Comune di Varese, in persona del Sindaco pro tempore, rappresentato e difeso dagli avvocati Francesca Benzoni, Laura Luoni e Antonella Pomati, con domicilio digitale come da PEC da Registri di Giustizia;
Arpa Lombardia, in persona del Presidente pro tempore, rappresentata e difesa dall'avvocato Fiorella Battaini, con domicilio digitale come da PEC da Registri di Giustizia;
Agenzia Regionale Protezione Ambiente (Arpa) - Lombardia - Dipartimento di Varese, non costituita in giudizio.

per l'annullamento

- del provvedimento della Provincia di Varese, Area Tecnica, Settore Territorio, prot. 2020/50559 del 10/12/2020, trasmesso via PEC ad -OMISSIS- S.p.A. in pari data, recante “Programma Integrato di Intervento “AT21-Malerba” – Conclusione istruttoria art. 245 del D.Lgs. 152/06 per la ricerca del responsabile della potenziale contaminazione da CrVI rinvenuto nelle acque di falda”, con il quale la Provincia ha dichiarato conclusa l'istruttoria del procedimento ex art. 244 e 245 D.lgs. 152/2006, avviato per l'individuazione del responsabile della contaminazione rinvenuta sull'area c.d. Area Ex Malerba, nel Comune di Varese;

- della nota recante “Programma Integrato di Intervento “AT21-Malerba” – Conclusione istruttoria art. 245 del D.Lgs. 152/06 per la ricerca del responsabile della potenziale contaminazione da CrVI rinvenuto nelle acque di falda - Valutazione Tecnica -”, allegata al provvedimento della Provincia di Varese prot. 2020/50559 del 10/12/2020, nonché di tutti gli ulteriori atti presupposti, consequenziali e/o comunque connessi ai provvedimenti qui gravati, ancorché non noti.


Visti il ricorso e i relativi allegati;

Visti gli atti di costituzione in giudizio della Provincia di Varese, del Comune di Varese e di Arpa Lombardia;

Visti tutti gli atti della causa;

Relatore nell'udienza pubblica del giorno 30 maggio 2024 il dott. Mauro Gatti e uditi per le parti i difensori Avv. Arcadi in sostituzione dell'avv. Todarello. Avv. Albertini. Avv. Battaini. Avv. Benzoni.;

Ritenuto e considerato in fatto e diritto quanto segue.


FATTO

La società ricorrente è proprietaria dell’area denominata “Ex Malerba”, sita in Via Gasparotto nel Comune di Varese, in passato adibita ad uso industriale, e su cui ha realizzato un nuovo supermercato.

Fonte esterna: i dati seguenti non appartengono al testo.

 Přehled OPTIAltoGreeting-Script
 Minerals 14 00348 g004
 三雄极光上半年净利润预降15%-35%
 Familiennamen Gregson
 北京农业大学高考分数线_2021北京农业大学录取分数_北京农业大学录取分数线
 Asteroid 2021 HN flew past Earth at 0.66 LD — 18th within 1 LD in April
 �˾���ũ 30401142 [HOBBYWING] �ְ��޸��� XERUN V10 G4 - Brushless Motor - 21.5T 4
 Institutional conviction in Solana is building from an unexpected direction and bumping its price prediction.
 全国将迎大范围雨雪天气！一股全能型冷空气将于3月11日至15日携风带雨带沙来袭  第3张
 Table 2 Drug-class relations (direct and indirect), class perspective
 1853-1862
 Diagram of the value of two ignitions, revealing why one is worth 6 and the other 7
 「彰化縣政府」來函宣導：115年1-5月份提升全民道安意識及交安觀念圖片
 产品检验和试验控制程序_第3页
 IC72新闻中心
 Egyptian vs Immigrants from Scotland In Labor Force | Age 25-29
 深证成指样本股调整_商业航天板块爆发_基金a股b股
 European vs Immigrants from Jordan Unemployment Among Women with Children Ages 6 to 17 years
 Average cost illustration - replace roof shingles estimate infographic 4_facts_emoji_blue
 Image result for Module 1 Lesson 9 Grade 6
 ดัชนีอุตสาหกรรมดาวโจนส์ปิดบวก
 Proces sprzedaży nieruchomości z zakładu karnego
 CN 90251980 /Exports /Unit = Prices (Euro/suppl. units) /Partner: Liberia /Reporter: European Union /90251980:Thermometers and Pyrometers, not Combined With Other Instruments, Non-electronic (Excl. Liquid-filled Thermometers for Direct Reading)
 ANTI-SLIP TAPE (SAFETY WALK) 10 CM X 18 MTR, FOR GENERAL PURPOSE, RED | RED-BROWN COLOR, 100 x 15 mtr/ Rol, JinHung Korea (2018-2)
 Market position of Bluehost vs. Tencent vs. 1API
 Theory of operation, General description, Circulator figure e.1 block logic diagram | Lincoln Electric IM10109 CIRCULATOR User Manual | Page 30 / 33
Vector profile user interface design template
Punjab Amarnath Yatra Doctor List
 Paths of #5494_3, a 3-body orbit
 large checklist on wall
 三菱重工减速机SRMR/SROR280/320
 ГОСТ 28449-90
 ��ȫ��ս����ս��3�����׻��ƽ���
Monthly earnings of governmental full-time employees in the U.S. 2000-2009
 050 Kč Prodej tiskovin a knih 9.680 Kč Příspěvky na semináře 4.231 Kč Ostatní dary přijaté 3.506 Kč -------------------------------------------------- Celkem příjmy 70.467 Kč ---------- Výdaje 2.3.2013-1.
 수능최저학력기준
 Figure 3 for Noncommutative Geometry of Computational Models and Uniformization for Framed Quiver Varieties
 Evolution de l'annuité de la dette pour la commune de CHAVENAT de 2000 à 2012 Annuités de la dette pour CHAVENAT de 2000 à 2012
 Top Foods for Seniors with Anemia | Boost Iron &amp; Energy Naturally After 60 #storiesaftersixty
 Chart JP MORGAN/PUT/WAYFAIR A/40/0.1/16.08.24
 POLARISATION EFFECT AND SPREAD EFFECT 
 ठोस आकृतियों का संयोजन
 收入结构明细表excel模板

Con nota del 30.6.2015, la ricorrente ha comunicato agli Enti competenti l’avvio di una campagna di attività di recupero di rifiuti non pericolosi generati dalla demolizione degli edifici industriali ancora esistenti sul sito in questione, con la finalità di utilizzarli quali materie prime secondarie (nel proseguo “MPS”) nell’attività di nuova edificazione.

Con decreto n. 2003 del 21.3.2016, i lavori sono stati esclusi dalla procedura di VIA, la cui Relazione Istruttoria imponeva, tra le varie prescrizioni, la predisposizione di un “Progetto di Piano di Monitoraggio Ambientale della componente acque sotterranee”, per la verifica degli impatti ambientali significativi generati dall’opera nelle sue fasi di attuazione.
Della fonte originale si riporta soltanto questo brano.